Sunday, 31 October 2010

Fish Finger Sandwich

This is yet another new product in the Sainsbury's Basics range. I don't ever remember Sainsbury's ever including a cheese spread in any of their lines, although in my times at university I remembered using Primula ham and cheese spread to go with bread for breakfast. It was a reminder of the Kerrygold Ham and Cheese spread that I was so fond of when I was growing up.

Had this been around when I was studying, I would most certainly foregone any benefits in taste and bought this. At 42p I could easily buy three of these and my total spend would still be lower than if I were to buy one tube of Dairylea.

For the fish finger sandwich that I will have for lunch today, I decided to make an analogue to tartar sauce by combining the cheese spread with some Basics French dressing, with some interesting results.

The assembly of the rest of the sandwich is pretty straightforward: one slice of bread, some Basics cheddar cheese, 3 fish fingers and then the tartar sauce.

It might be a good idea to bake the 3 fish fingers in a way such that as little of the fingers are in contact with the baking tray. The fingers have a tendency to stick to the foil owing to the oil that seeps out during cooking.

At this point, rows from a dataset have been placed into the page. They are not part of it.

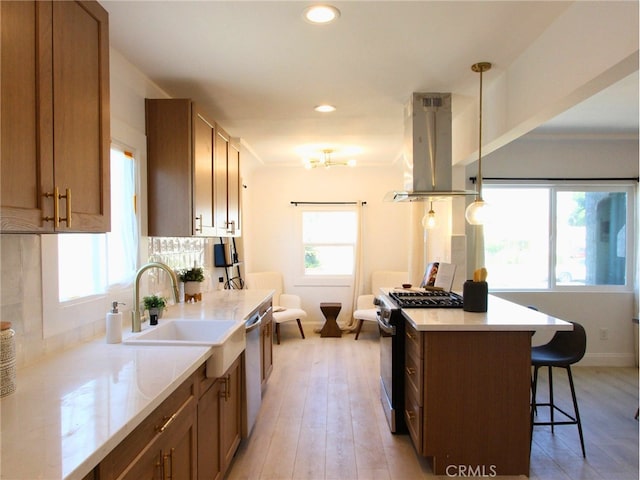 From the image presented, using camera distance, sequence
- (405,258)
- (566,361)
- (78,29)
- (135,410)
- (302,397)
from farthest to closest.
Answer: (405,258) → (302,397) → (566,361) → (78,29) → (135,410)

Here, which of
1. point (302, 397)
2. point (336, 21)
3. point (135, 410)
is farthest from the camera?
point (302, 397)

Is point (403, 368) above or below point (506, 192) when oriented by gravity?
below

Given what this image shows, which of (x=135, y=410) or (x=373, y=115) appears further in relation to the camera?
(x=373, y=115)

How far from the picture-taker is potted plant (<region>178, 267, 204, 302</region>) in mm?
3067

The sandwich was enjoyable, even without the tang of tartar: any excuse to replace an ingredient with cheese would after all be welcome. While the cheese spread was not that strong tasting as promised by the packaging, it would serve as a good substitute for the mayonnaise in mayo-based sauces.
DescriptionPrice per UnitNo. of servingsTrade-up PremiumTrade-up Benefits
Cheese Spread£0.42150g+£0.63 for DairyleaBetter tasting cheese spread. Skip both and go for cream cheese.

Saturday, 16 October 2010

Beef in a Bag

So it appears that another item in the Sainsbury's range has been demoted from the regular in-house range to Sainsbury's Basics. After the Grated Hard Cheese, the other product I have spotted to have had the chop is the pitted olives (both black and green). When the recession hit hardest, Sainsbury's actually reported a spike in sales of its Basics range, so one could speculate that they are rebranding several of their own-brand products in a bid to get customers who identify with Sainsbury's Basics to purchase them.

For today, I decided to grab the olives and some Basics Diced Beef. I would then add some mushrooms to the mix, and then use a method I learnt from Jamie Oliver to cook it in the oven. It basically involves making a foil bag to put the ingredients in, before popping the lot in the oven. It also makes for convenient meals as well as the bags can be prepared in advance and frozen for future meals.

So we start by slicing up some garlic, the olives and mushrooms.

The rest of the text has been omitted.